The Word: Spoken, Written, Lived

(8th Ordinary Sunday: Sirach 27:4-7; 1 Corinthians 15:54-58; Luke 6:39-45) 

Sirach is one of the Wisdom Books, full of common sense. Much of Jesus’ teaching falls in this same category. Thus we hear today two sayings that are almost interchangeable.

Sirach writes: “The fruit of a tree shows the care it has had; so too does one's speech disclose the bent of one's mind.” Jesus says: “Every tree is known by its own fruit... for from the fullness of the heart the mouth speaks.”

So, when people in anger use the name of Jesus Christ, what fruit is displayed? Mary at La Salette refers to this directly. Her people, her Christian people, in thus abusing the name of her Son, reveal an unchristian heart.
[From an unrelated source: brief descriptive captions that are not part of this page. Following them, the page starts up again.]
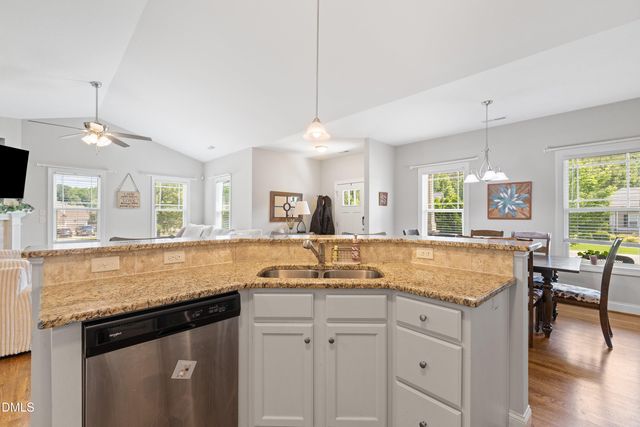 548 Brazil Nut Lane, Smithfield, NC 27577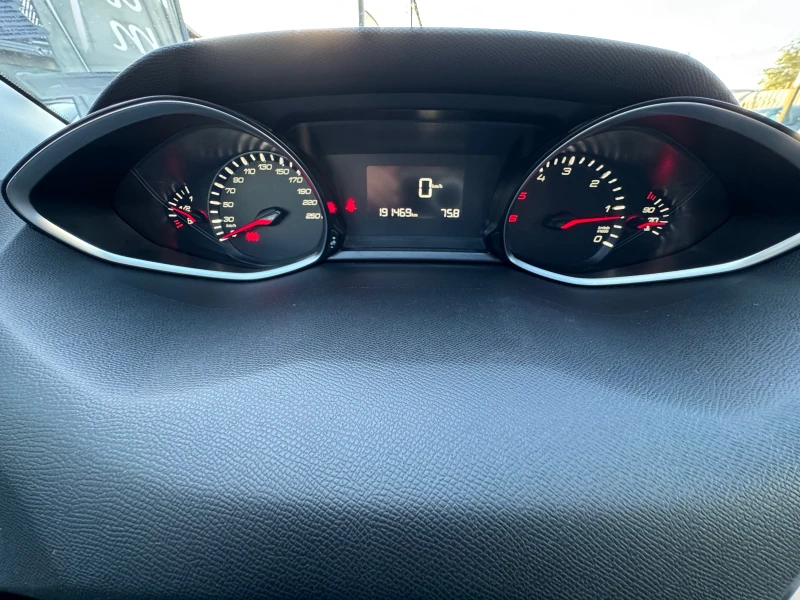 Peugeot 308 1, 6 HDI 120hp, снимка 12 - Автомобили и джипове - 52617112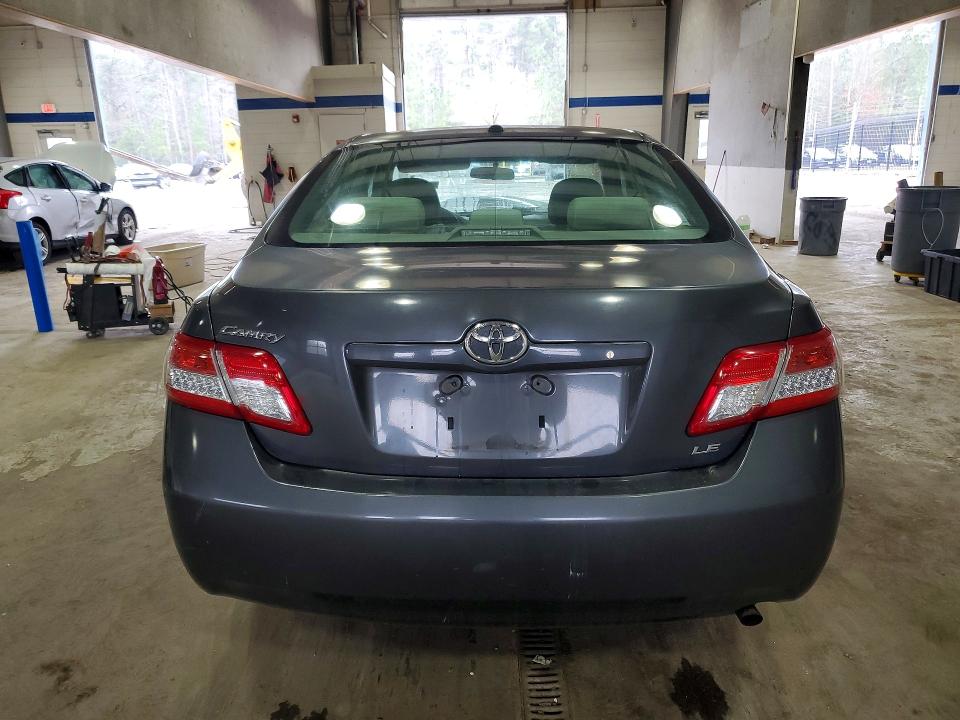 Zdjęcie 6 z aukcji – 2011 TOYOTA CAMRY z VIN 4T1BF3EK1BU766958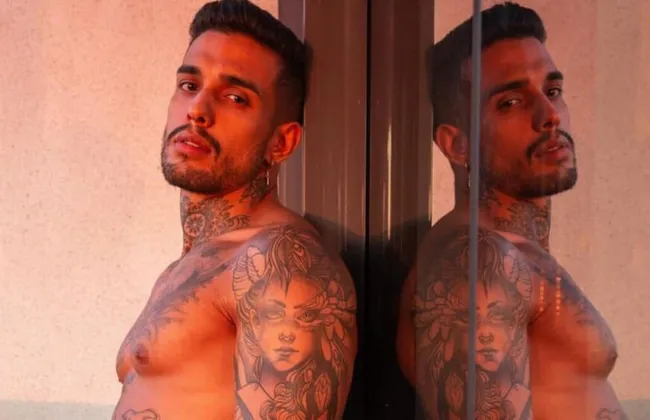 Imagem ilustrativa da imagem Influenciador Matheus Sampaio tem nude vazado na web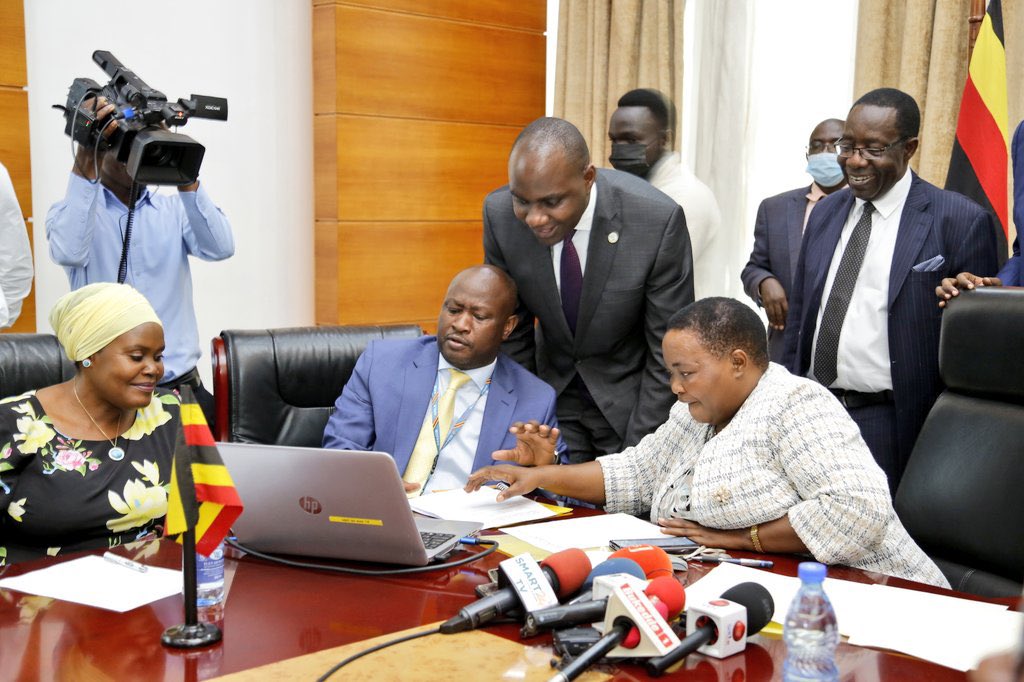Historical photo: Prime Minister of @GovUganda Rt Hon @RobinahNabbanja and Ag Minister of @mofpedU Hon @henrymusasizi1 pressing the button to send the first tranche of PDM money directly to Ugandans at the base of our economic pyramid. No more middlemen of money. No leaky bucket.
Someone might say, “I don’t mean anything by it.” But this only makes the behavior worse. How can we pronounce that name as if it meant nothing? Remember what St. Peter said to the Sanhedrin: “There is no salvation through anyone else, nor is there any other name under heaven given to the human race by which we are to be saved” (Acts 4:12). 

Looking at this from the opposite direction, there is God’s Word, in the Sacred Scriptures. In the Gospels, the word “written” occurs about fifty times, invoking the authority of God’s Word to settle questions or prove a point, as St. Paul does when he writes, “Then the word that is written shall come about: Death is swallowed up in victory.”

The Beautiful Lady complains that her people show no interest in hearing the Word of God. “Only a few elderly women go to Mass.” What a far cry from Jesus’ words, “Blessed are those who hear the word of God and keep it” (Luke 11:28).

Most of us have to rely on translations to understand the Scriptures. At La Salette Mary switched to the local dialect when she saw that the children did not grasp what she was saying in French. This shows how important it was to her that they make her message known to all her people.

God’s all-important Word must be translated, too, not just into the many languages of the world, but into the one language that really matters—the language of our life.